Diffuse elastic wavefield within a simple crustal model. Some consequences for low and high frequencies

The reliability of usual assumptions regarding the wavefield composition in applications of the Diffuse Field Approach (DFA) to passive seismic prospecting is investigated. Starting from the more general formulation of the DFA for full wavefield (FW), the contribution of each wave to the horizontal- and vertical-component power spectra at surface are analyzed for a simple elastic waveguide representing the continental crust-upper mantle interface. Special attention is paid to their compositions at low and high frequencies, and the relative powers of each surface wave (SW) type are identified by means of a semianalytical analysis. If body waves are removed from the analysis, the high-frequency horizontal asymptote of the H/V spectral ratio decreases slightly (from 1.33 for FW to around 1.14 for SW) and shows dependence on both the Poisson’s ratio of the crust and the S wave velocity contrast (while FW-H/V asymptote depends on the former only).
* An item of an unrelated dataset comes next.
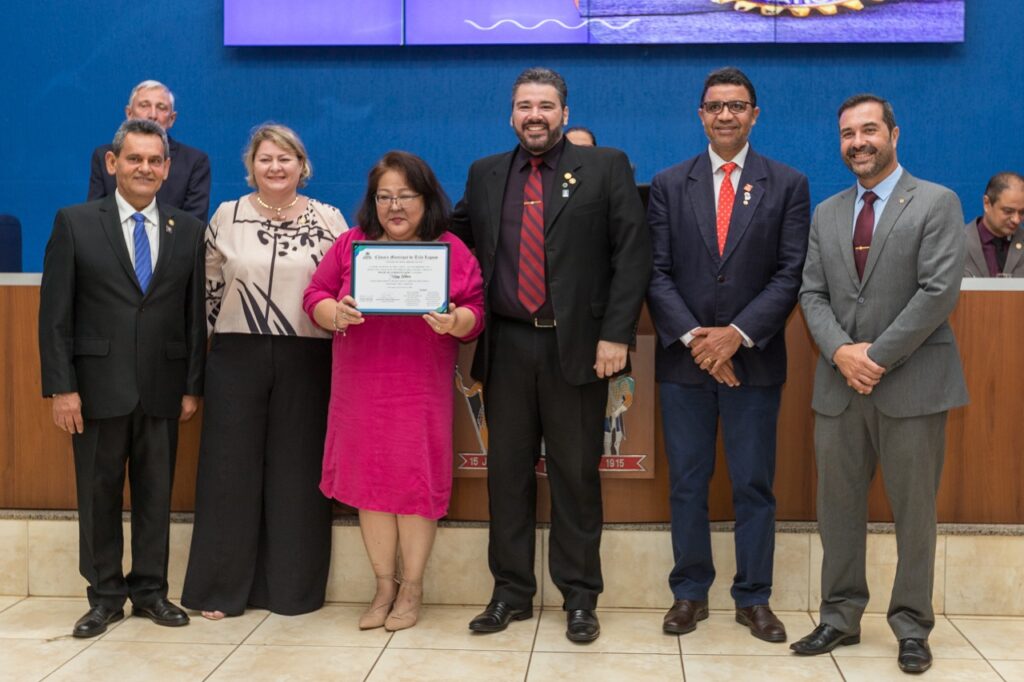 Rotarianos são homenageados em solenidade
Experimental tests in a local broadband network provide H/V curves compatible with any of these values in the band 0.2–1Hz, approximately, supporting the applicability of the DFA approximation. Coexistence of multiple SW modes produces distortion in the amplitudes of vertical and radial component Aki’s coherences, in comparison with the usual predictions based on fundamental modes. At high frequencies, this effect consists of a decrement by a constant scaling factor, being very remarkable in the radial case. Effects on the tangential coherence are severe, including a π/4 phase shift, slower decay rate of amplitude versus frequency, and contribution of several velocities for large enough distances.